Des tonnes de gravats obstruent encore les rues de L'Aquila dix mois après le tremblement de terre qui a fait 299 morts dans cette ville du centre de l'Italie, empêchant le retour de ses habitants dans le centre historique, devenu une véritable ville morte.

Quatre millions de tonnes de gravats doivent encore être évacuées et l'objectif pour 2010 est d'en extraire un million. «Le problème est que ces gravats sont considérés comme des déchets et doivent être évacués en respectant certaines règles», explique à l'AFP Eugenio Carlomagno, cofondateur du Comité de sauvegarde de la vieille ville, forte de 2 000 membres. «Il y a des blocages bureaucratiques», précise-t-il.

En attendant, des échafaudages de bois et de métal soutiennent les trésors d'architecture qui ornent le centre médiéval de la ville, destiné selon les experts à rester une zone en chantier pour les dix prochaines années.

Quant aux habitants, ils doivent prendre leur mal en patience.

«Il y a juste besoin de travaux de maçonnerie et de plomberie dans ma maison», raconte Patricia Colaci, une obstétricienne qui fait partie des dizaines de personnes vivant encore dans trois hôtels en périphérie de la ville.

Tout en se présentant comme une fervente supporter du chef du gouvernement Silvio Berlusconi, elle avoue que sa patience est à bout: «Le travail aurait déjà dû être fait, ils ont eu assez de temps, (habiter à l'hôtel) représente un grand gaspillage».
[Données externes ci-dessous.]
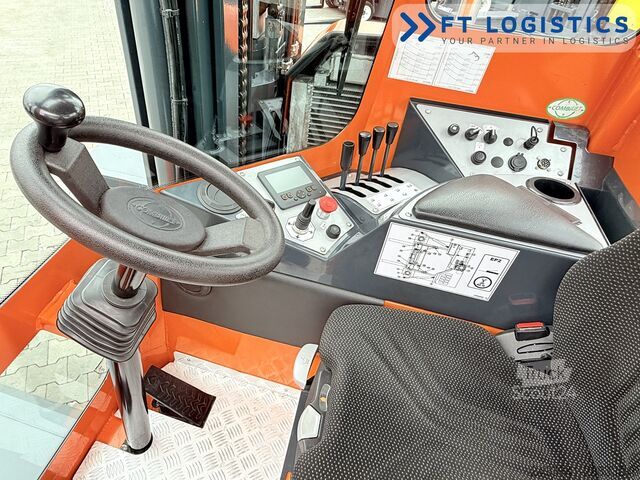 четирипосочен мотокар Combilift C4000 DIESEL TRIPLEX 6800 AIR CONDITION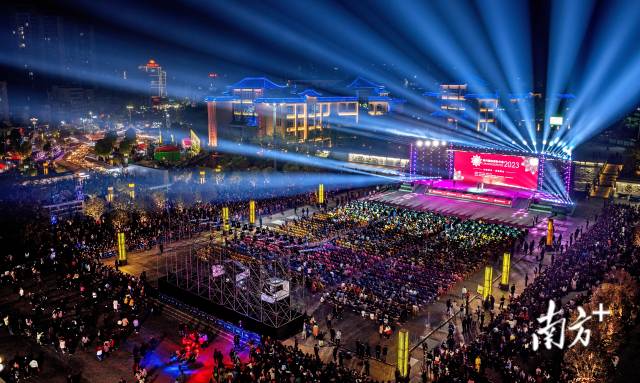 連州大力打造“百億級(jí)”文化旅游產(chǎn)業(yè)。潘賢強(qiáng) 攝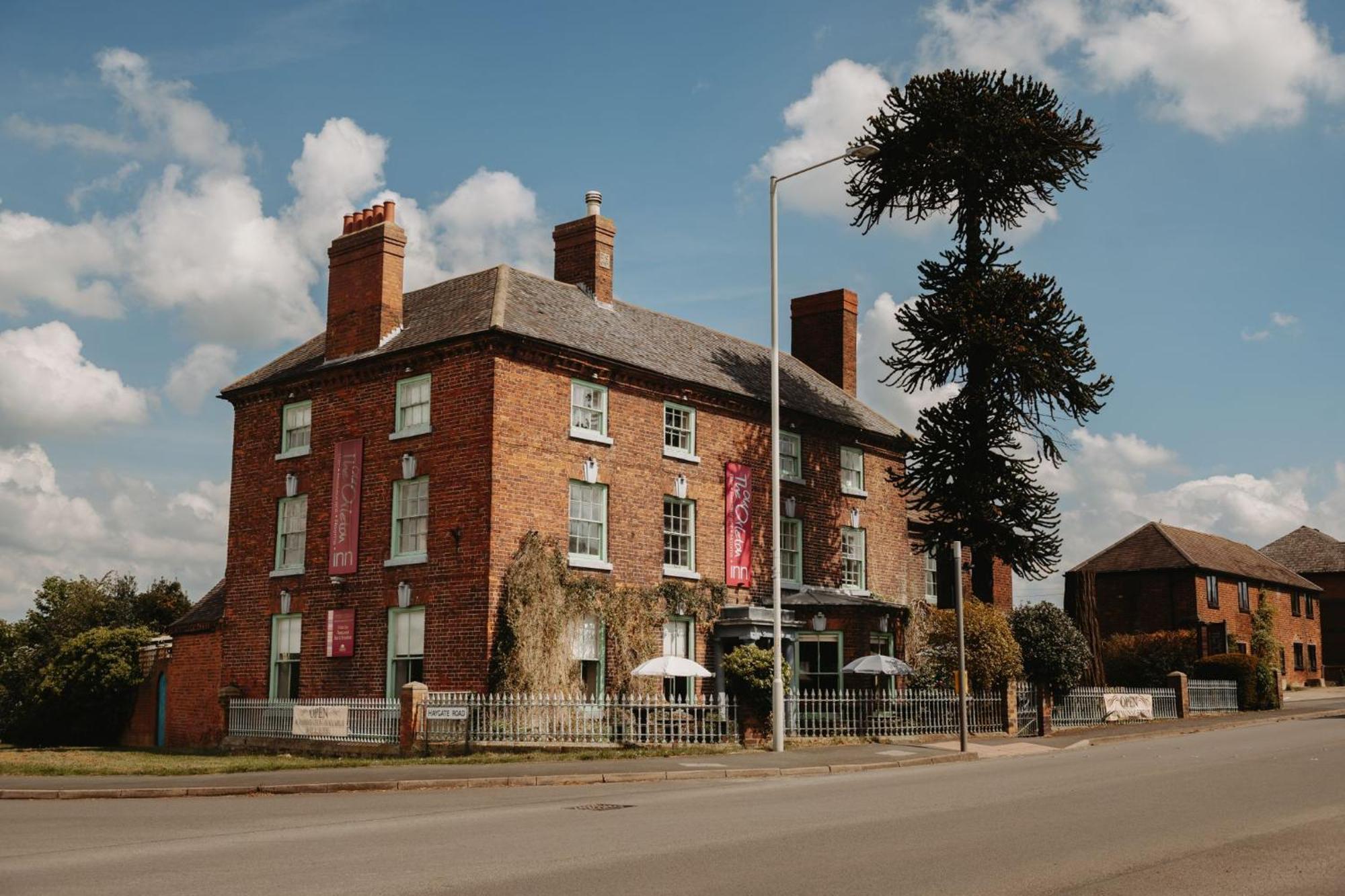 Old Orleton Inn Wellington  Eksteriør bilde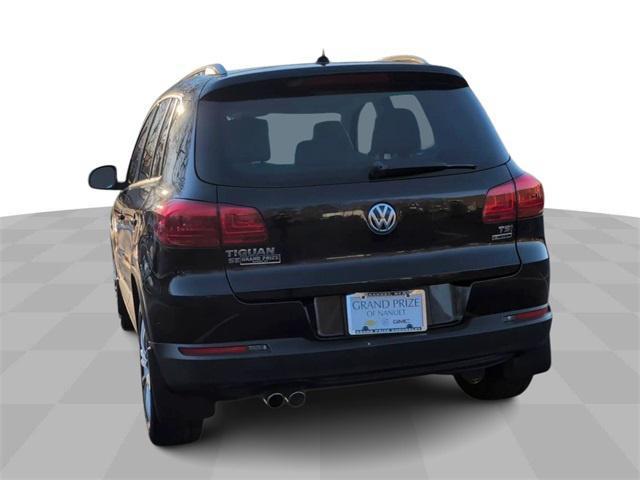 used 2016 Volkswagen Tiguan car, priced at $13,494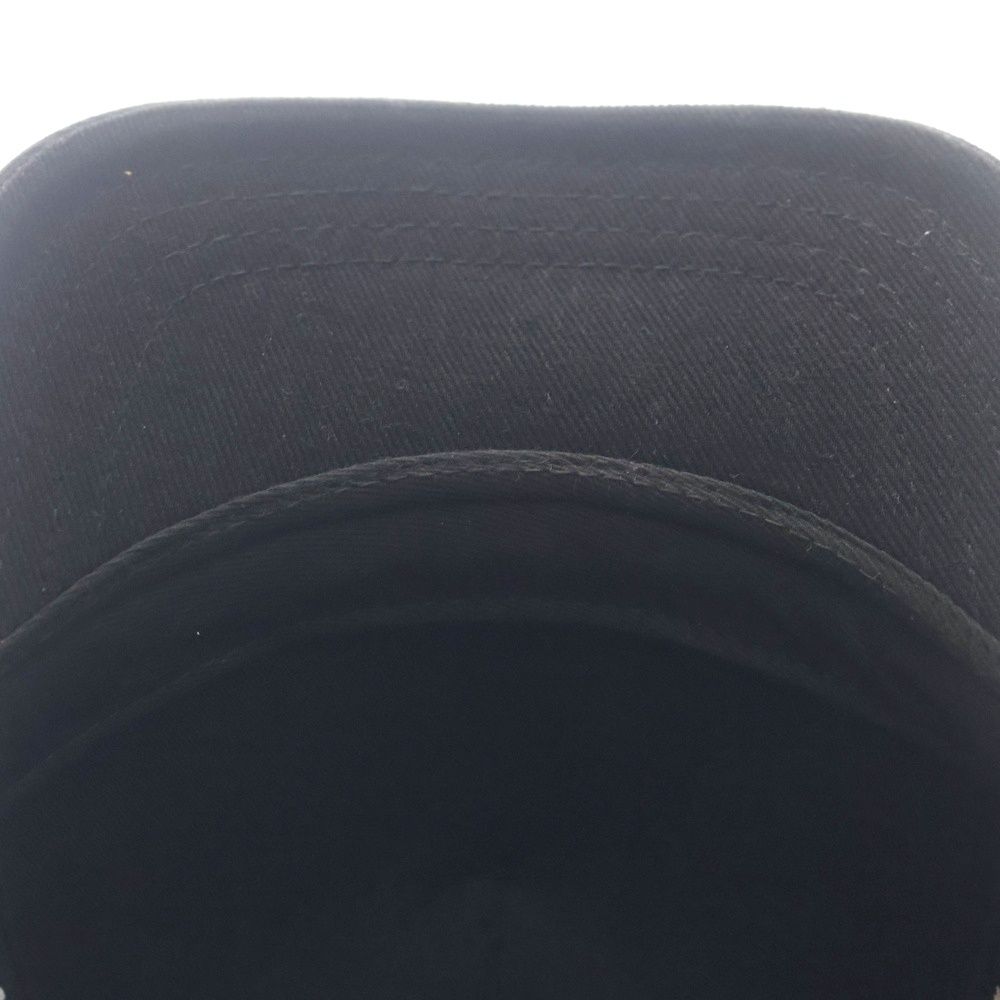 Chrome Hearts Baseball Trucker CH Cross Truck Khaki Cap Hat Black — view 6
Des milliers d'autres habitants vivent dans des hôtels sur la côte adriatique, mais plus personne n'est logé dans des tentes depuis fin novembre.

En septembre, les premières maisons en dur ont été livrées dans un grand déploiement médiatique par Silvio Berlusconi aux habitants du village martyre d'Onna, proche de L'Aquila, dont la population a été décimée par le séisme.

Selon la protection civile, 30 000 personnes ont par ailleurs quitté la région, rappelle M. Carlomagno, qui note aussi que 70% des appartements du centre historique étaient des résidences secondaires appartenant notamment à des Romains. L'Aquila est à une heure de voiture de la capitale.

«L'Aquila deviendra une ville-dortoir avec les habitants qui vivent dans des maisons neuves en périphérie, tandis que le centre-ville se limitera aux administrations et aux monuments», se désole-t-il.

10 ans de travaux

Lors d'une visite du centre dévasté, un responsable de la protection civile, Enzo Ariu, semble donner corps aux craintes des habitants en confirmant que les travaux de rénovation prendront au moins une décennie et qu'une partie du centre pourrait rester en ruines en mémoire du séisme.

«Ce serait un peu comme Pompéi, dans un certain sens», ajoute-t-il, en soulignant que la priorité sera donnée à la reconstruction des «sites politiquement sensibles, des monuments symboles de l'Aquila», comme la basilique.

«Dix ans d'attente, c'est trop long, et il n'y pas de véritable plan pour la ville», commente M. Carlomagno, qui déplore en outre la déformation des faits par les médias.

Il cite l'exemple de deux magasins ouverts en lisière du centre pour protester contre le lenteur des travaux : une chaîne de télévision les a présentés comme un symbole de la renaissance de la ville.